Stabilizing Interface between Li2S-P2S5 Glass-Ceramic Electrolyte and Ether Electrolyte by Tuning Solvation Reaction.

Abstract

Using solid-liquid hybrid electrolytes is an effective strategy to overcome the large solid/solid interfacial resistance in all-solid-state batteries and the safety problems in liquid batteries. The properties of the solid/liquid electrolyte interphase layer (SLEI) are essential for the performance of solid-liquid hybrid electrolytes. In this work, the solvation reactions between Li2S-P2S5 glass-ceramic solid electrolytes (SEs) and ether electrolytes were studied, and their influence on the SLEI was examined.
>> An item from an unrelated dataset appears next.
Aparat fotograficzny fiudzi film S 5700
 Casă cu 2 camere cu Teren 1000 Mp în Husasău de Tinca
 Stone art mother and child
Although 1,2-dimethoxyethane (DME) reacted with the Li2S-P2S5 glass-ceramic SE to form a dense SLEI, 1,3-dioxolane (DOL) severely corroded the SE, resulting in a loose SLEI. Consequently, a stable SLEI formed with DME. Using a combination of the Li2S-P2S5 glass-ceramic SE and the DME-based liquid electrolyte (LE), stable lithium plating/stripping cycles over 1000 h and a hybrid Li-S battery that retained a specific capacity of 730 mAh g-1 after 200 cycles were demonstrated. The knowledge of the reactions between the sulfide electrolytes and the organic LEs is instructive for the design of stable sulfide-liquid hybrid electrolytes for advanced batteries.